Comparing sub items of lists and making changes in Python

56 views Asked by At

I have two lists originating from a part of speech tagger which look as follows:

pos_tags = [('This', u'DT'), ('is', u'VBZ'), ('a', u'DT'), ('test', u'NN'), ('sentence', u'NN'), ('.', u'.'), ('My', u"''"), ('name', u'NN'), ('is', u'VBZ'), ('John', u'NNP'), ('Murphy', u'NNP'), ('and', u'CC'), ('I', u'PRP'), ('live', u'VBP'), ('happily', u'RB'), ('on', u'IN'), ('Planet', u'JJ'), ('Earth', u'JJ'), ('!', u'.')]


pos_names = [('John', 'NNP'), ('Murphy', 'NNP')]
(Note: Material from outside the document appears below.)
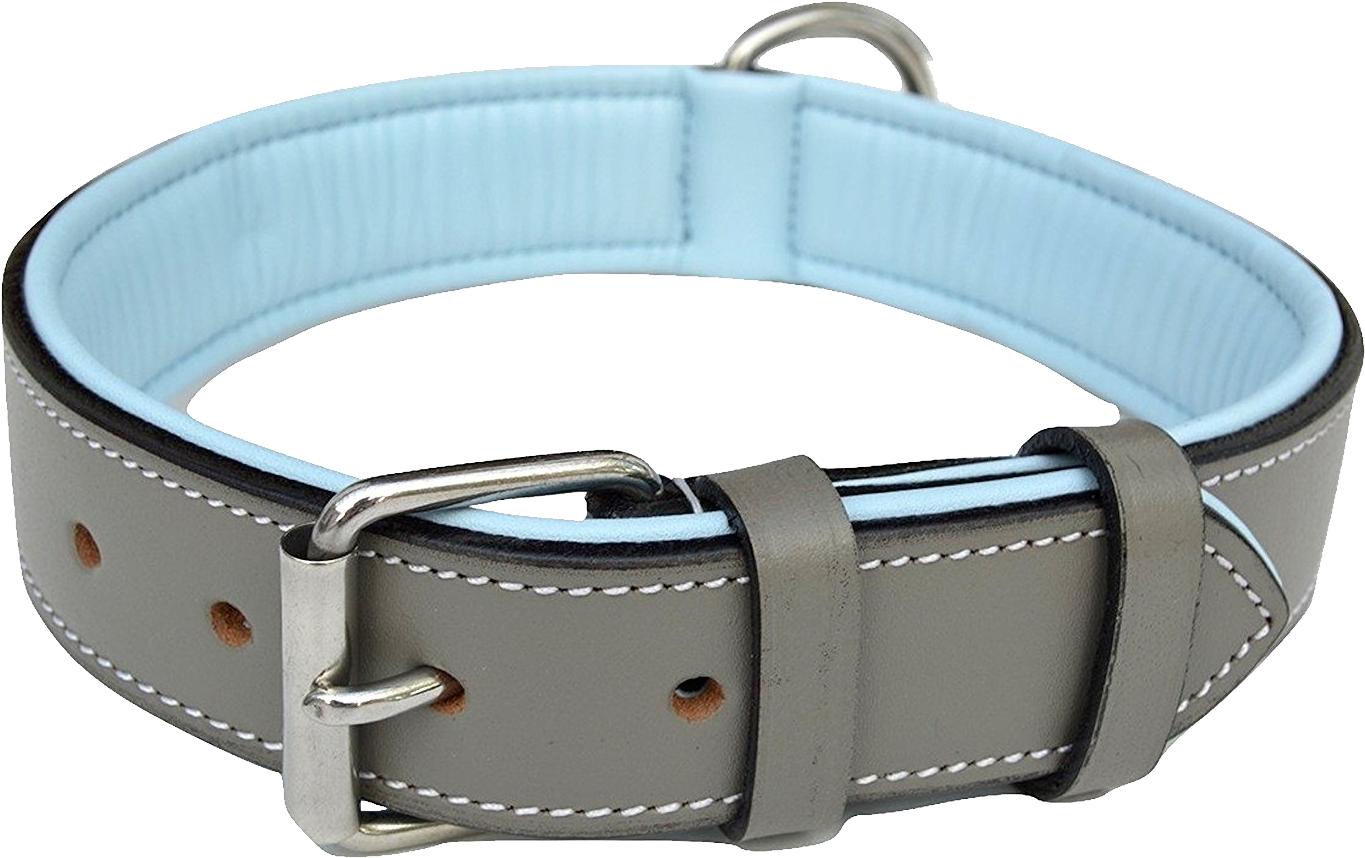 Dog Collar Png Picture Black And White - Dog Collar Png Picture Black And White (1500x945)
I want to create a final list which updates pos_tags with the list items in pos_names. So basically I need to find John and Murphy in pos_tags and replace the POS tag with NNP.

3

There are 3 answers

1
xnx On BEST ANSWER

I agree a dictionary would be a more natural solution to this problem, but if you need your pos_tags in order a more explicit solution would be:

for word, pos in pos_names:
    for i, (tagged_word, tagged_pos) in enumerate(pos_tags):
        if word == tagged_word:
            pos_tags[i] = (word,pos)

(A dictionary would probaby be faster for a large number of words, so you might want to consider storing the word order in a list and doing your POS allocation using a dictionary).

0
Kevin On

You could create a dictionary from pos_names that behaves as a lookup table. Then you can use get to search the table for possible replacements, and leave the tag as-is if no replacement is found.

d = dict(pos_names)
pos_tags = [(word, d.get(word, tag)) for word, tag in pos_tags]
1
tdc On

Given

pos_tags = [('This', u'DT'), ('is', u'VBZ'), ('a', u'DT'), ('test', u'NN'), ('sentence', u'NN'), ('.', u'.'), ('My', u"''"), ('name', u'NN'), ('is', u'VBZ'), ('John', u'NNP'), ('Murphy', u'NNP'), ('and', u'CC'), ('I', u'PRP'), ('live', u'VBP'), ('happily', u'RB'), ('on', u'IN'), ('Planet', u'JJ'), ('Earth', u'JJ'), ('!', u'.')]

and

names = ['John', 'Murphy']

you can do:

[next((subl for subl in pos_tags if name in subl)) for name in names]

which will give you:

[('John', u'NNP'), ('Murphy', u'NNP')]